_Required action_
Everything from the line with "MERCEDES BENZ C CLASS 2014" through the last line of the data below should be copied exactly, apart from the pictures.

(Source material begins)

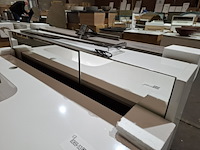 Badmeubel glans wit - afbeelding 3 van  14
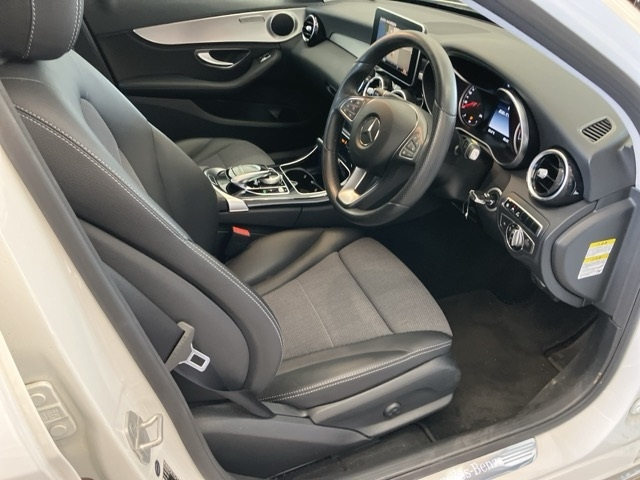 MERCEDES BENZ C CLASS 2014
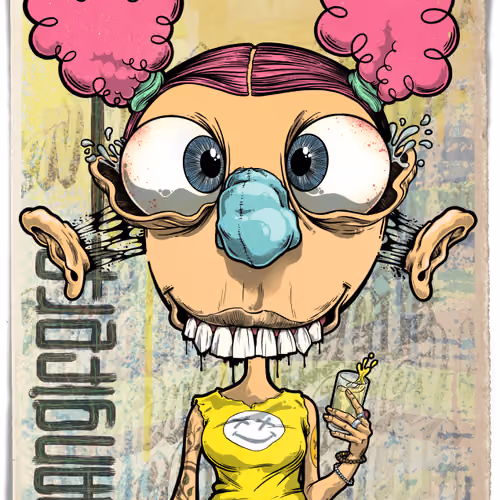 Babylon Misfit #1303
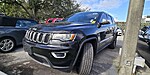Used 2017 JEEP GRAND CHEROKEE LIMITED 4X4 in FT. LAUDERDALE, FLORIDA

(Source material ends)

_Response to the exercise_
 MERCEDES BENZ C CLASS 2014
 Babylon Misfit #1303
Used 2017 JEEP GRAND CHEROKEE LIMITED 4X4 in FT. LAUDERDALE, FLORIDA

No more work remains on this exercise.